A daily bulletin of news & opinion

23 May 2010

On 8 April, I spoke by phone to Vugar Khalilov, a former BBC journalist who ran Kyrgyzstan’s first professional PR agency. Among his clients was the government of President Kurmanbek Bakiyev, and as revolution in the country raged, he organised a telephone interview for me with Bakiyev, who had fled to the south of the country. Four days later, he was arrested by the country’s new authorities.

Ever since, Khalilov has been held in a basement cell at the offices of the country’s Security Services. He has been charged with money laundering, something most of his friends say is unthinkable.

But whatever the rights and wrongs of Khalilov’s particular case, it raises broader ethical questions. In a region of dictators, many of them more brutal and corrupt than Bakiyev, should international PR professionals happily take on suspect clients? And if they do, should they be held accountable if things go wrong?

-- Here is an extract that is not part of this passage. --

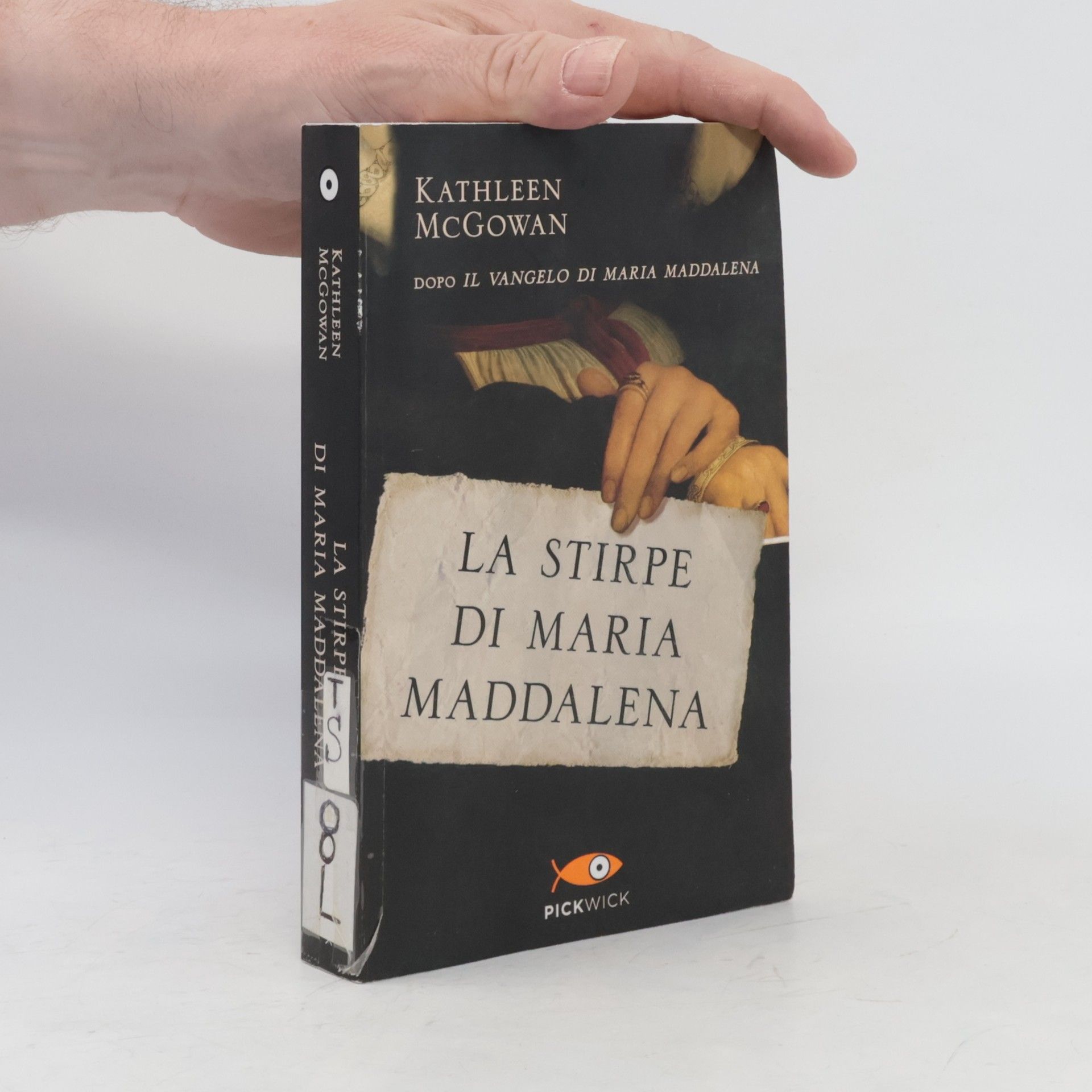 Kathleen McGowan La stirpe di Maria Maddalena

Many of the unpleasant countries in the region have taken on major global PR firms to work on their international image. Belarus, dubbed the “last dictatorship in Europe”, for a while retained London-based Bell Pottinger to aid its international image. Ketchum runs the Kremlin’s PR machine. Even the most closed and undemocratic Central Asian state – Turkmenistan, has German consultants Goetzpartners working on its image and drumming up investment.

PR professionals working for countries like this are bound to come across unsavoury aspects of the ruling regimes and this presents them with a dilemma. “Your professional duty is to present your client’s position as clearly as possible. But there will be cases and clients where the only ethical position is to resign the account – or not take it up in the first place,” says Patrick Worms of Brussels-based Ecosolutions, who was in charge of media relations for the Georgian government until 2008. He claims that by and large the Georgian government wanted to do the right thing, making the occasional mistakes acceptable. But, he says, the same cannot be said for most of the other countries in the region.

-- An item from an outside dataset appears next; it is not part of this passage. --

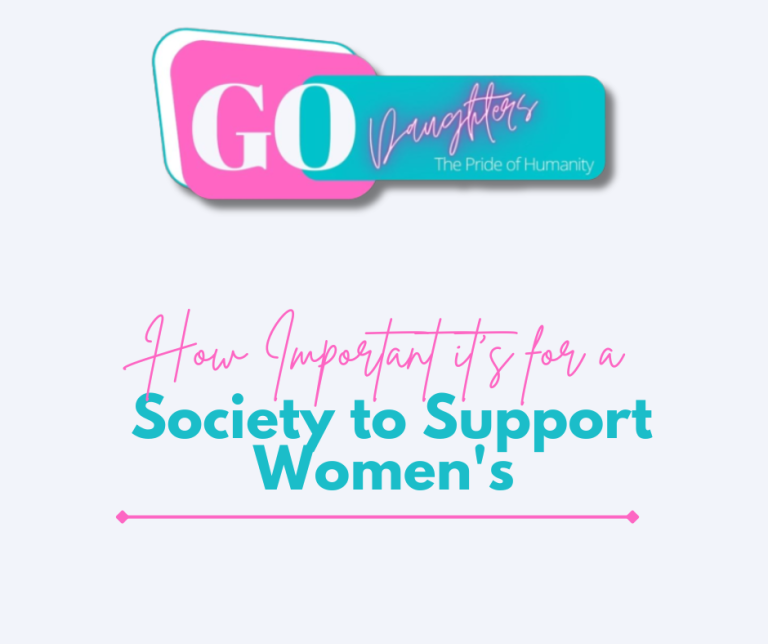 How Important it’s for a Society to Support Women's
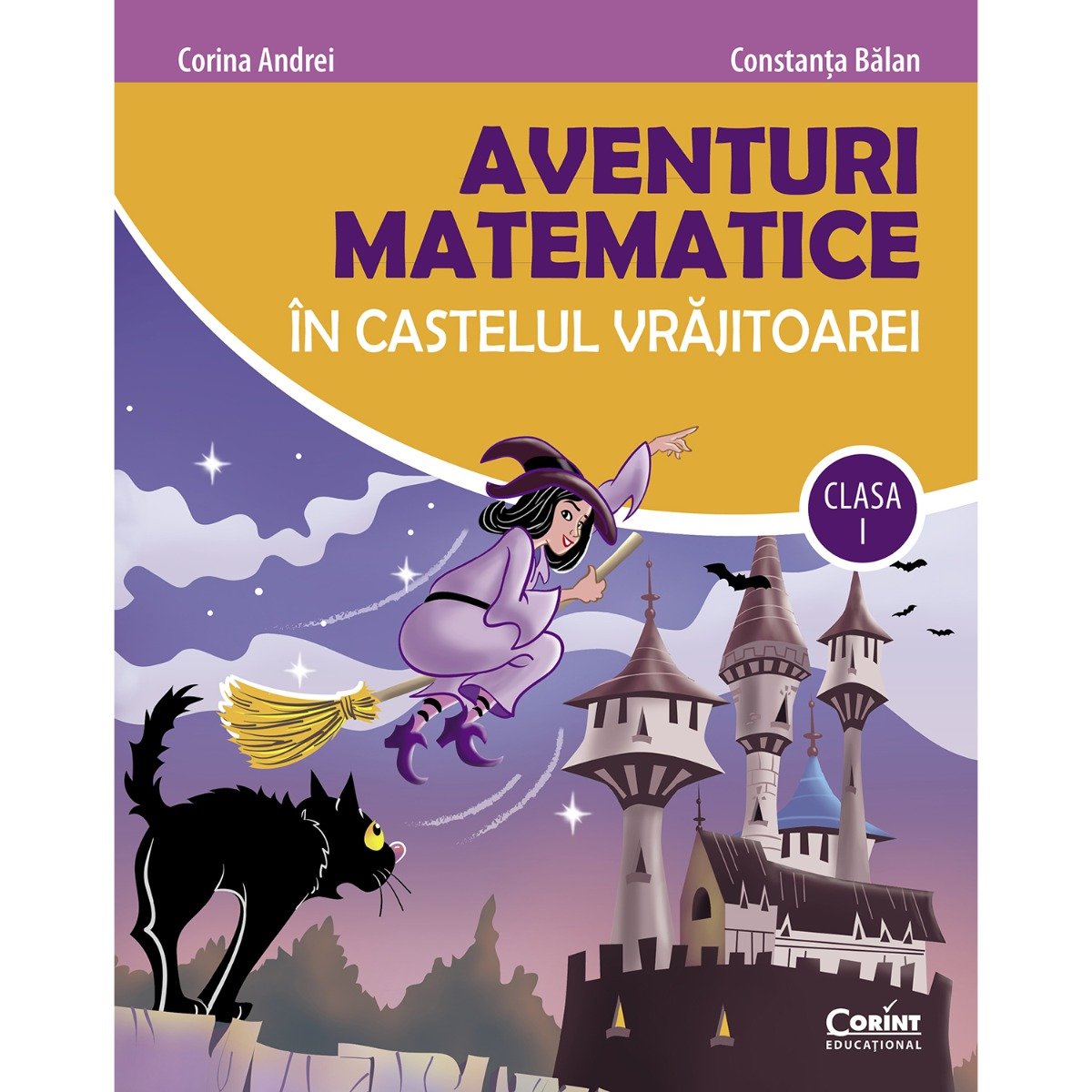 Aventuri matematice in castelul vrajitoarei, Clasa I, 2021, Constanta Balan, Corina Andrei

“Any self-respecting professional has to take that decision before taking on any client, whether corporate or governmental. Your duty is to educate yourself before saying yes. Ignorance is not an excuse.” 
Others strongly disagree. “If I was offered money by a regime I knew to be unsavoury simply to set up meetings with the international press to put their views across, I don’t have a problem with that,” says Edward Baumgartner, a London-based independent communications consultant, who specialises in the former Soviet region. “If they wanted me to attempt to buy positive coverage, or do parliamentary lobbying, however, that’s a different question.”

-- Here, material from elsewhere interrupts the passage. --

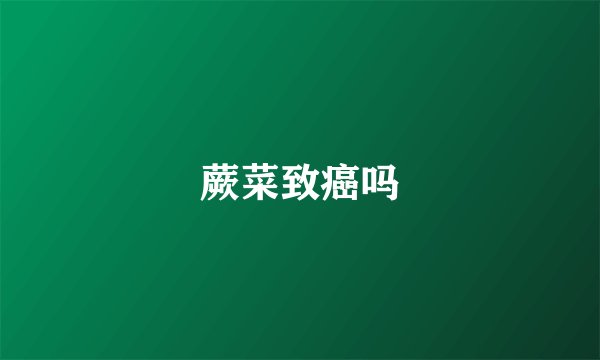 蕨菜致癌吗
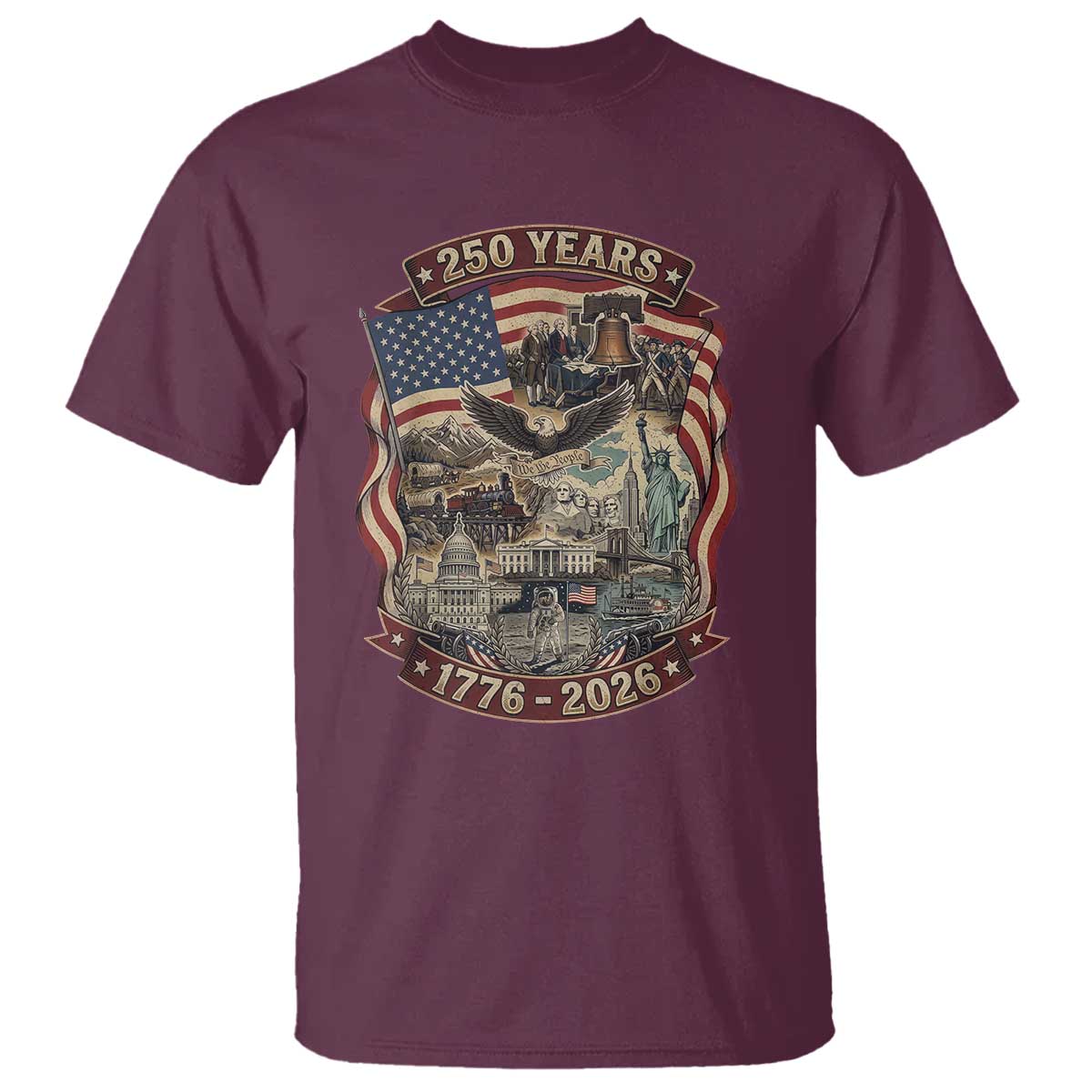 250 Years 1776 to 2026 Ultimate American Landmark Collage T Shirt Liberty Bell Eagle and US Flag Semiquincentennial Patriotic TS02 Maroon Print Your Wear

“PR people help build dialogue between corporations or political leaders and the media; they are an essential tool for transparency in business and government,” agrees another London-based PR consultant who has known Khalilov for years. It’s true, he says, that some might think it unethical to offer services to a country that is clearly suspicious or criminal. “But PR people should never be arrested. There’s a boundary between the unethical and the criminal.”